If you are working with a small business, do not start by instrumenting every prompt token and edge case. Start with the places that create support pain or financial risk.

For an invoice workflow, trace customer lookup, invoice lookup, payment status, reminder generation, approval, and send.

For a lead workflow, trace source, deduplication, enrichment, CRM write, notification, and follow-up task creation.

For a WordPress/content workflow, trace source URLs, summarization, draft creation, image generation, human review, and publish state. Especially publish state. Nobody wants an agent accidentally publishing a draft because a boolean default was wrong.

For a local AI setup with Ollama, trace runtime and fallback behavior. If a local model fails and the system falls back to a cloud model, that should be visible. If a workflow silently switches models, your privacy story has a hole in it.

The sales angle is reliability, not magic

A lot of small-business AI pitches still sound like magic: "we will automate your operations with agents." Owners have heard enough of that.

A better pitch is more concrete:

"We will automate one repetitive workflow. You will be able to see every tool the agent used, every workflow it triggered, whether a human approved it, and what changed. If something goes wrong, we can replay the receipt."

That is less flashy, but it is more believable.

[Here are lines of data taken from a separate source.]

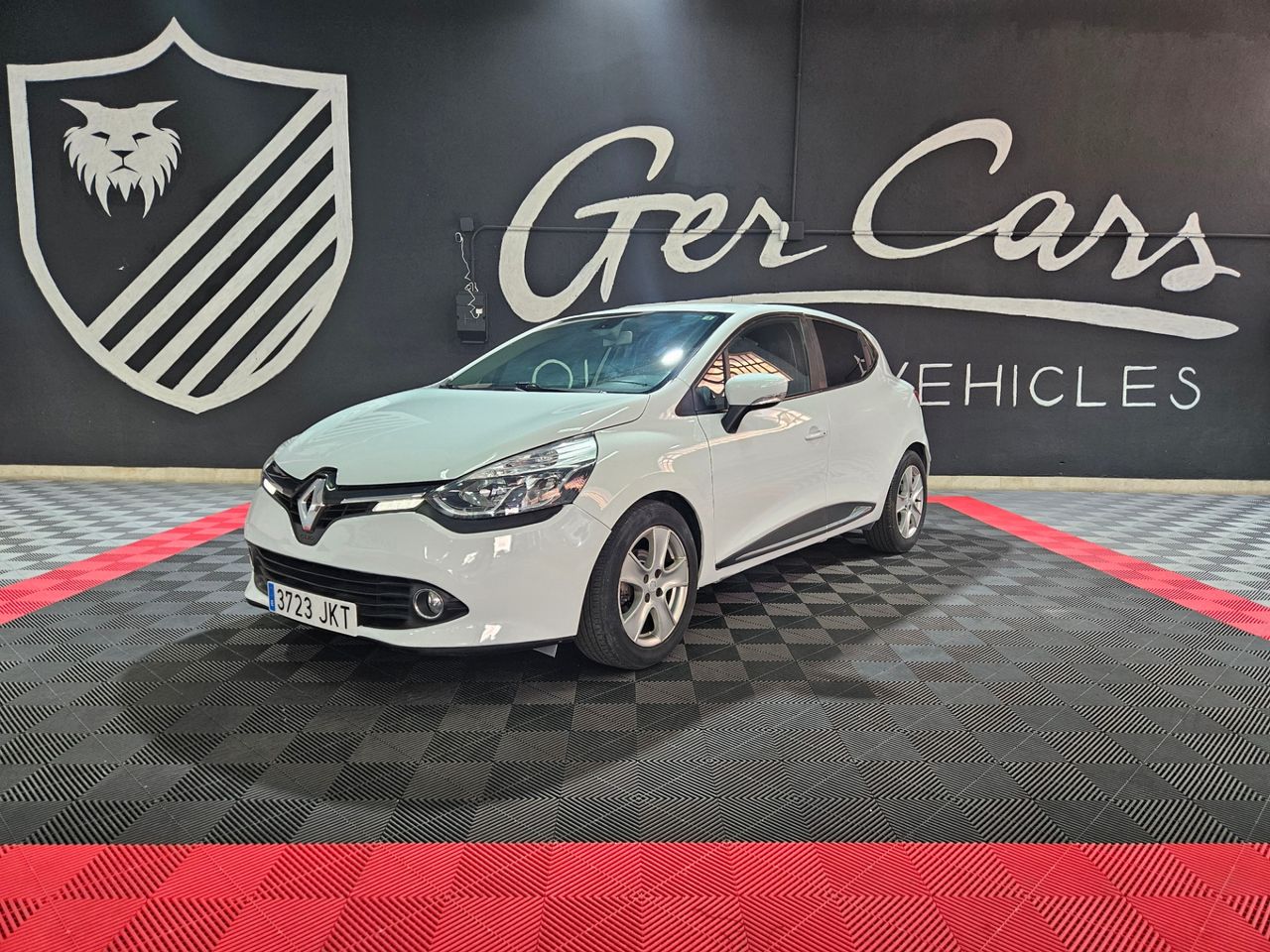 Renault Clio 5p Dynamique Energy dCi 90 Ecoleader  - Foto 1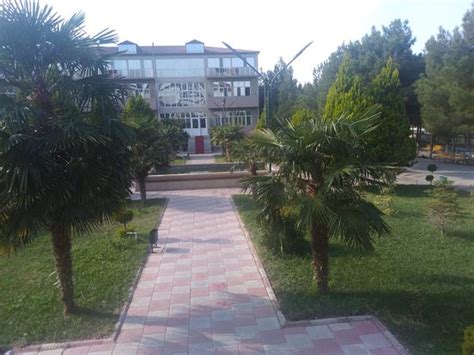 GOZEL NAFTALAN HEALTH RESORT - Lodge Reviews & Photos - Tripadvisor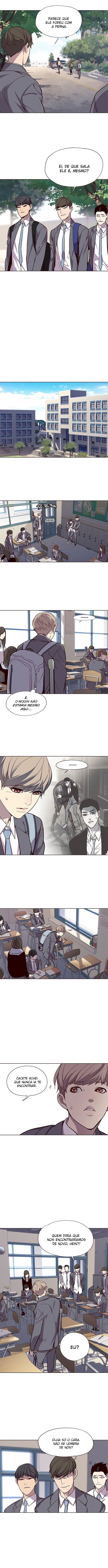 Read Eleceed PT Manga Online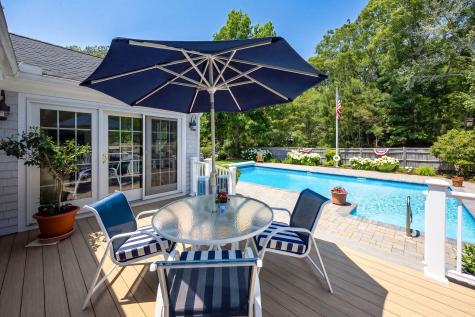 29 Calvin Drive Dennis MA 02638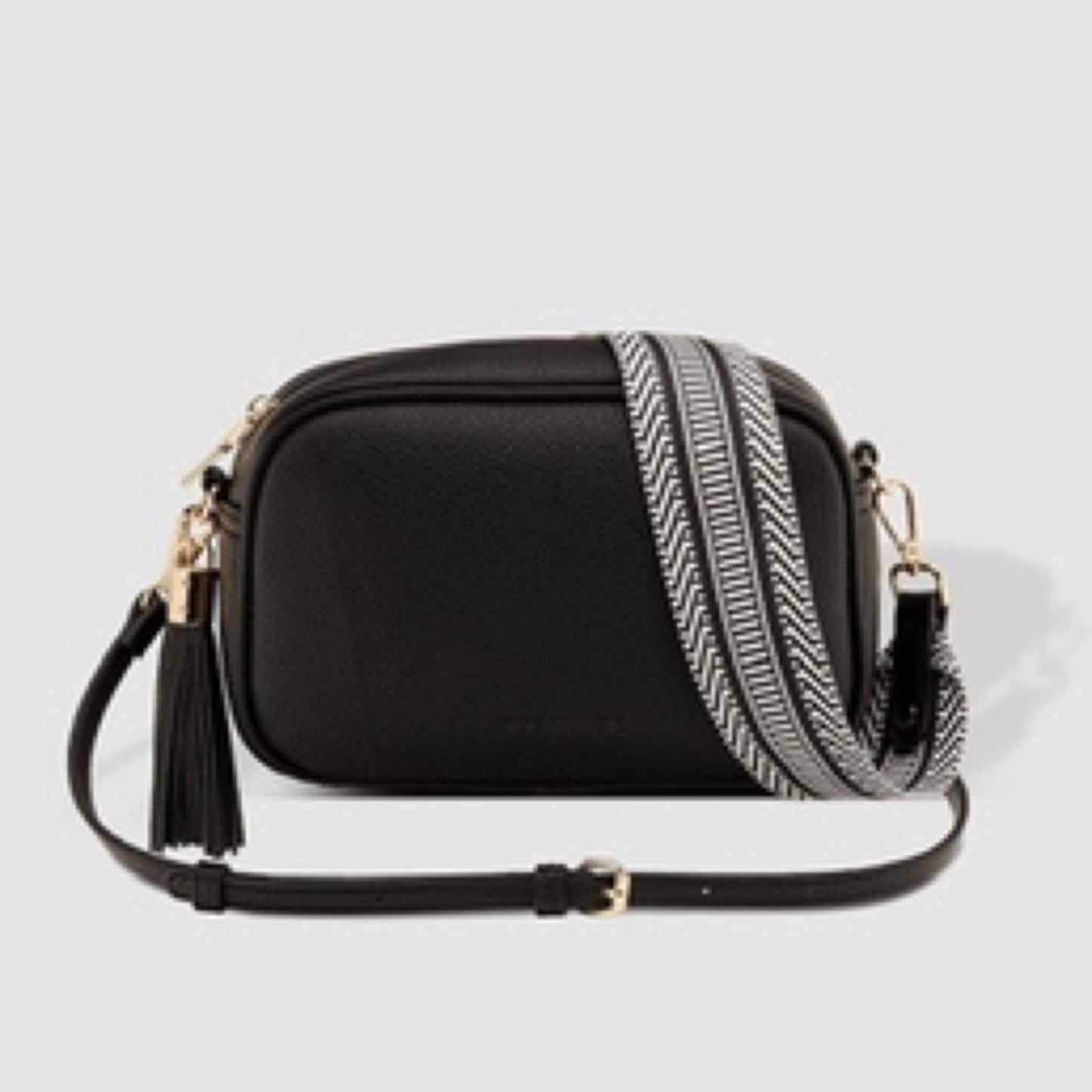 Jacinta Eddie Crossbody Bag | LOUENHIDE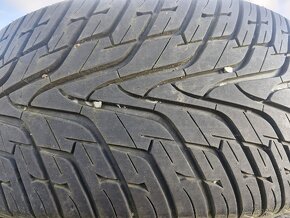 265/35R22 hankook - 3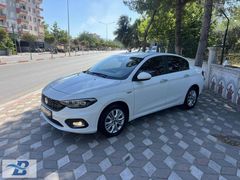 2020 FİAT EGEA 1.4 URBAN PLUS 50.000 KM HATASIZ BOYSIZ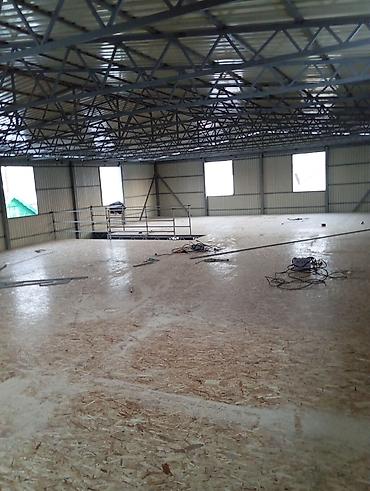 Строительство под ключ: Сварарычный жумуштардын баардык түрүн жасайбыз тез жана сапаттуу — 10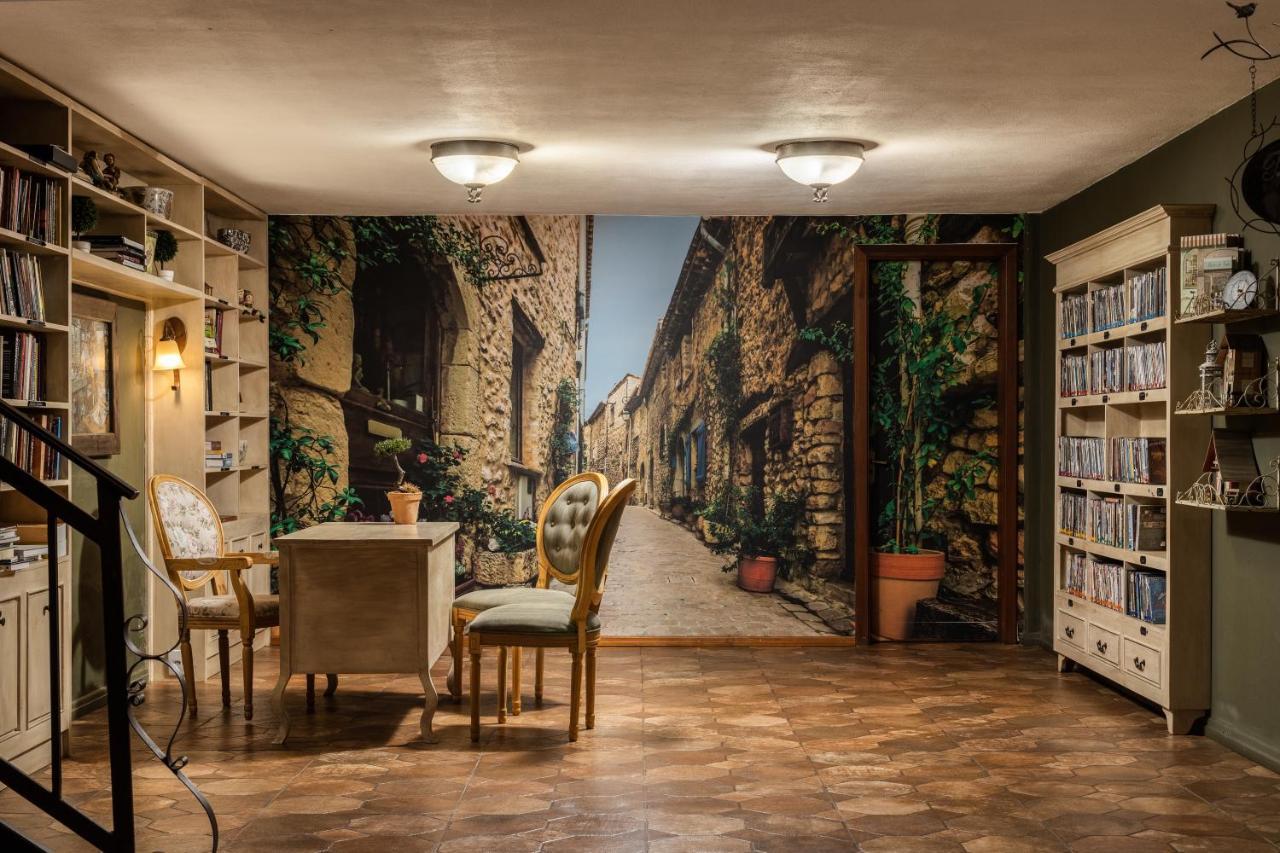 Estribo Hotel Estancia Santo Antonio da Patrulha Экстерьер фото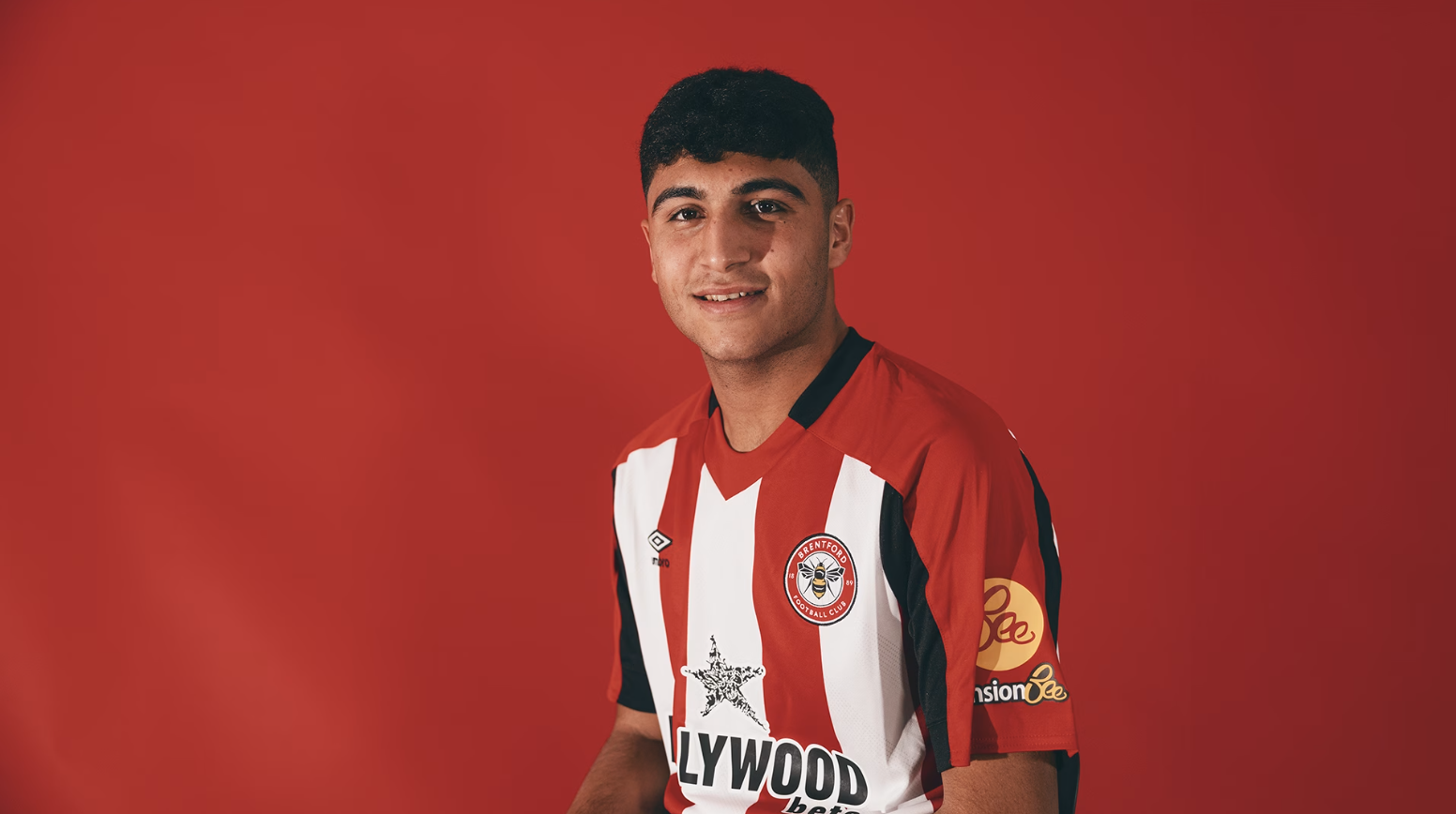 Brentford sign Turkish youngster Yunus Emre Konak - Bóng Đá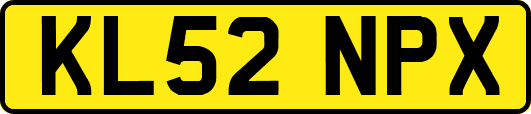 KL52NPX
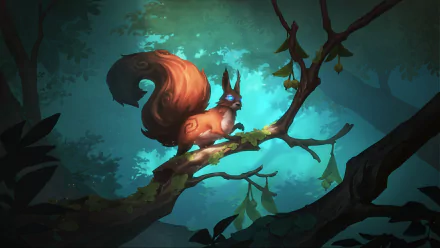 video game Northgard HD Desktop Wallpaper | Background Image
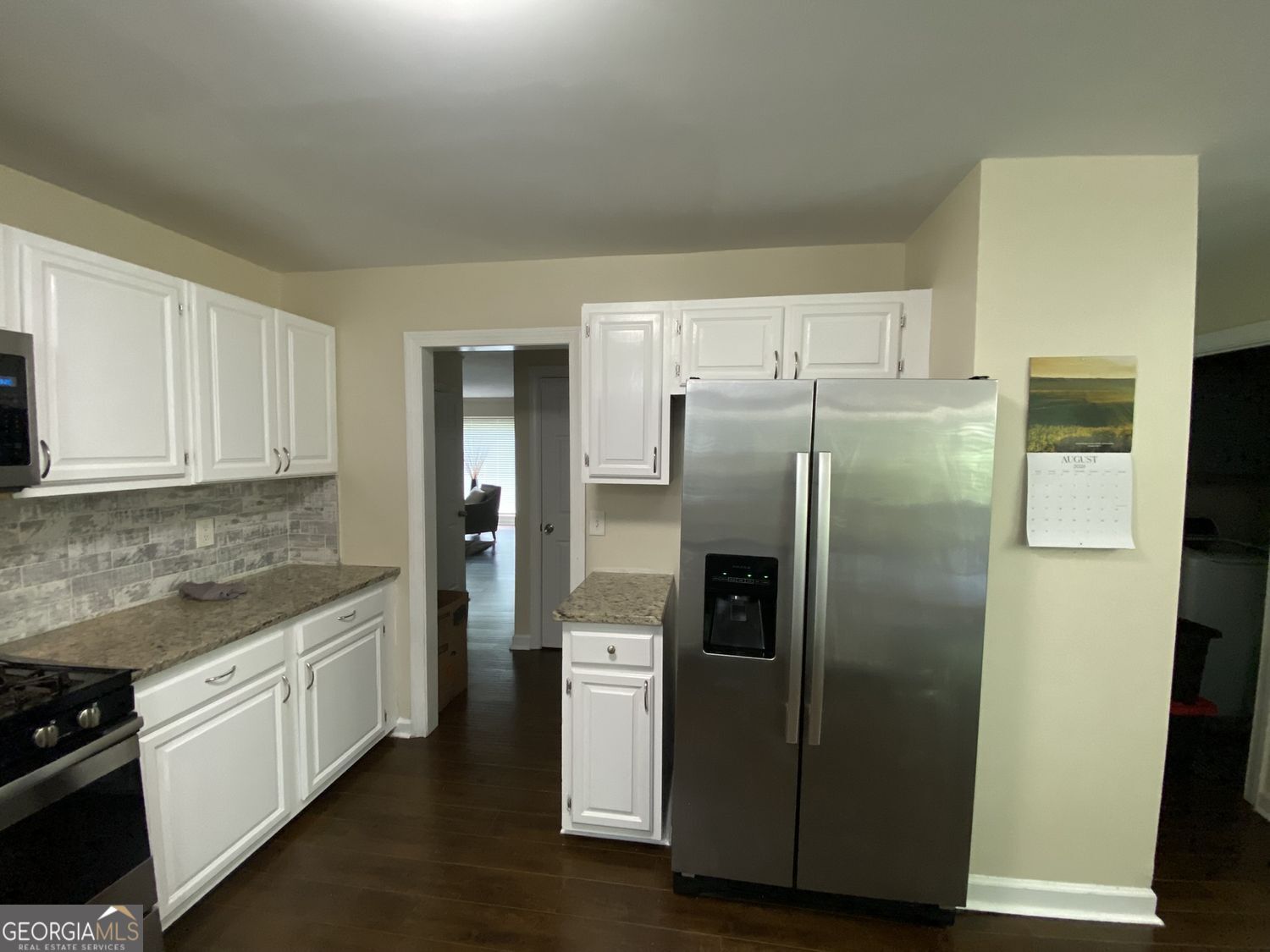 1640 Canberra Drive Property Photo 13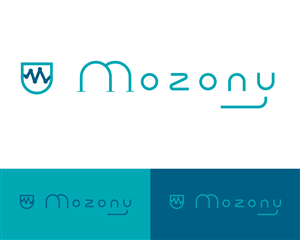 Logo Design by Aleqsandre for this project | Design: #5610477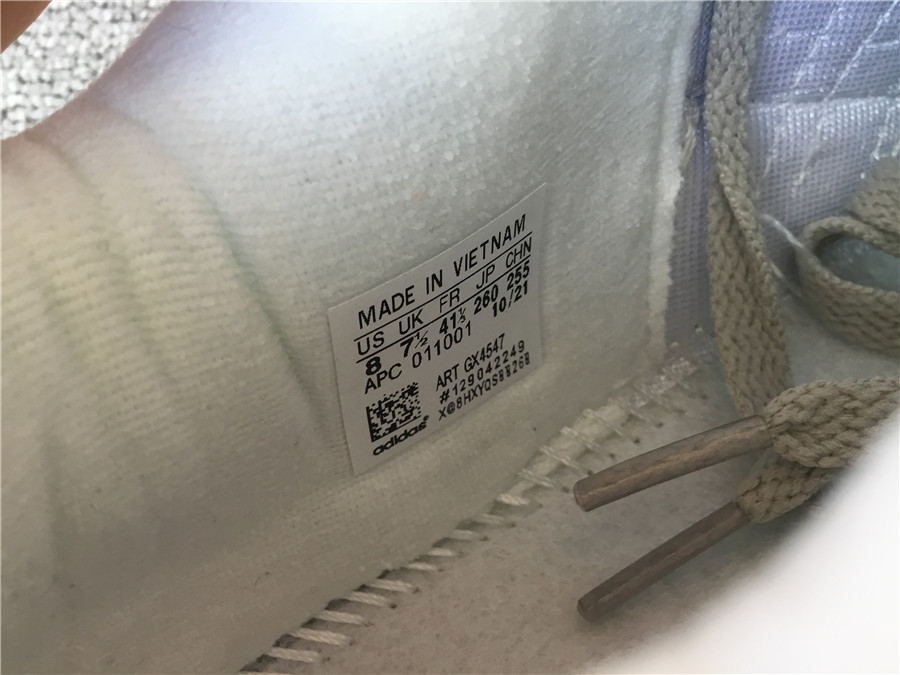 Adidas Samba Vegan GX4547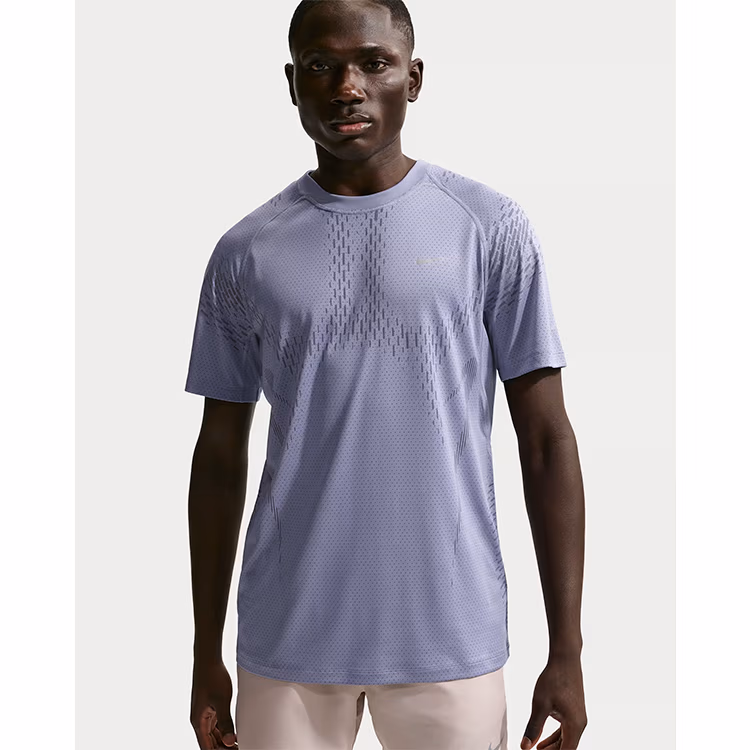 Футболка Nike Stride Plus Dri-FIT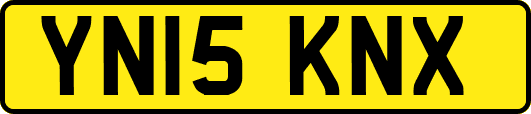 YN15KNX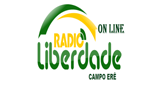 Radio Liberdade Campo Ere en vivo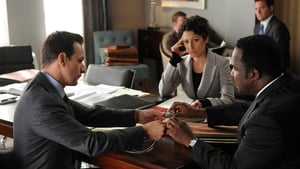The Good Wife: 3×3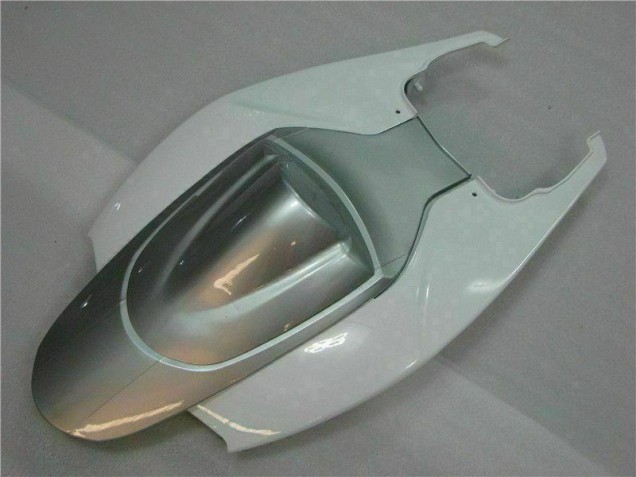 GSXR 600 / 750 K6 2006-2007 - Blanc Argent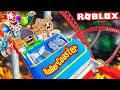 ROBLOX SCARY THEME PARK OBBY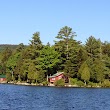 Chewonki's Debsconeag Lake Wilderness Camps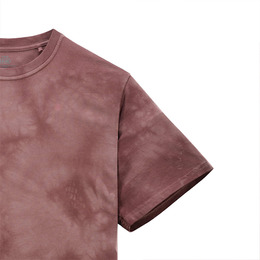 M-Tac футболка Washed Cotton Hard Ash Rose. Фото 3
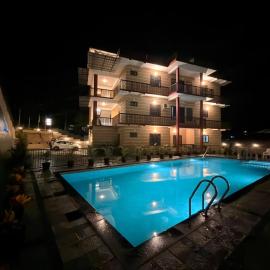 The Rosetta Inn, Wayanad
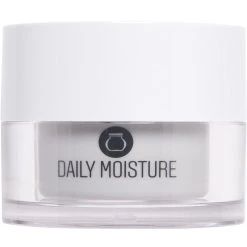 Nilens Jord Daily Moisture Jar, 50 Ml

MCP makes the integrations less brittle. Workflow tools make the actions repeatable. Observability makes the whole thing accountable.

That combination is the difference between a clever prototype and a service you can charge for every month.

Source notes

Model Context Protocol documentation: MCP is an open-source standard for connecting AI applications to external systems such as data sources, tools, and workflows. https://modelcontextprotocol.io/docs/getting-started/intro
OpenTelemetry GenAI semantic conventions: OpenTelemetry maintains GenAI conventions alongside standard tracing conventions, including GenAI spans and MCP-related areas in the semantic convention registry. https://opentelemetry.io/docs/specs/semconv/gen-ai/
CNCF / Jaeger: Jaeger is evolving to trace AI agents with OpenTelemetry. https://www.cncf.io/blog/2026/05/26/how-jaeger-is-evolving-to-trace-ai-agents-with-opentelemetry/
n8n: AI workflow automation combines AI decision/generation with standardized workflows, with tools like n8n positioned for flexible automation. https://blog.n8n.io/best-ai-workflow-automation-tools/
DynamicMCPProxy: a dynamic MCP gateway that now includes security-first JSONL receipts and optional OpenTelemetry export. https://github.com/HappyMonkeyAI/DynamicMCPProxy
Social trend signal: X search on 2026-07-04 showed live discussion around MCP, n8n, Ollama, and tool routing for practical small-business automation.